As a professional blogger, I see a lot of different blogs, both small business and corporate. Some are good, some are terrible. Some are informative and engaging, some are daily commercials, some are stilted and formal. I can spot the blogs written by people who are passionate about their work, knowledgeable about their field, or exploring new knowledge.
I can also spot the ones that are written by marketing professionals, committees, and the legal department.

Blogging tends to make corporate types a little nervous
It’s not that I have anything against marketers (I’ve been one for over 16 years). And I don’t have anything against lawyers. (Committees, on the other hand. . .)
The problem is blogging has a different writing style, a different flow. In blogging, you don’t worry about being technically accurate, covering every contingency, option, variation, divergence, modification, and refinement, you just have to be right.
But the blogs I see by marketers, lawyers, and committees don’t have that spark. Everything is written like a legal brief, or it uses all the proper product/service names, instead of what customers actually call it.
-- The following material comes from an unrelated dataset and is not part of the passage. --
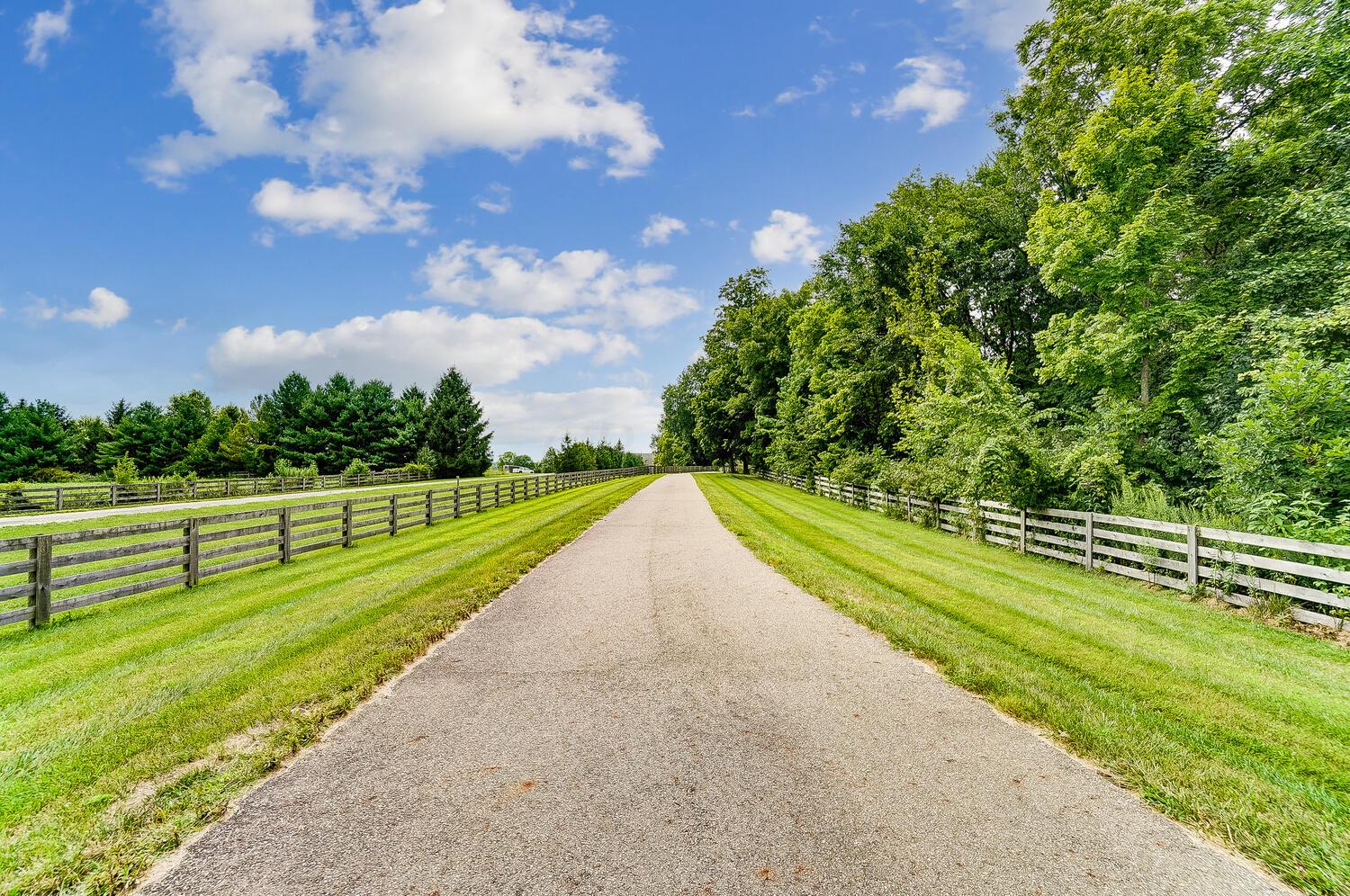 6939 Condit Road Centerburg, OH 43011 - Photo 109 of 113 50040828-129_web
Or it has that lowest common denominator feel of the committee, where every phrase is scrutinized, and meetings are filled with statements like “should we say ‘rediscover’ or ‘redefine?’” and then discussed heatedly for 30 minutes. (“Why can’t we say ‘rediscover or redefine?’” “But what about people who have not discovered or defined it in the first place?”)
Marketing Copywriting and Legal Writing Are Not Good Blog Writing
Blogging is informal. It’s written like people speak. It has punch, emotion, spark, verve. Sentences start with “and.” Or appear incomplete. While grammar is (and should be) used, people are a little more loose with some of the grammar rules. That’s not to say a blogger gets to write like an illiterate scribbler. But rather, they don’t need to march in lockstep with the grammar rules our 7th grade teacher drummed into us.
A good blog has to capture the attention of the person reading it. It has to be well-written and interesting. Too often, corporate blogs are stiff, formal, and uninteresting. They’re literary yawn-fests that seem to want to drive away readers, not bring them in.
I recently read a pro athlete’s blog that was hosted on his team’s website. And I could tell right away — see how I just started that sentence with ‘and?’ — that he didn’t write it. Or at least he didn’t have the final edit. That’s because the author or editor didn’t use team nicknames, and they made sure to include sponsor names.
“We’ve been working hard at the Sheinhardt Wig Company Indianapolis Beagles Practice Facility all week, and are looking forward to facing the Cincinnati Rough Riders on Sunday at 4:00 p.m.”
BLEAH! The only people who refer to anything by their sponsors’ names are marketers and race car drivers. The only people who refer to a team by their full name in an informal setting are marketers. Given that this particular athlete is not known for his eloquence, I could only assume this had been edited heavily, and not just for grammar.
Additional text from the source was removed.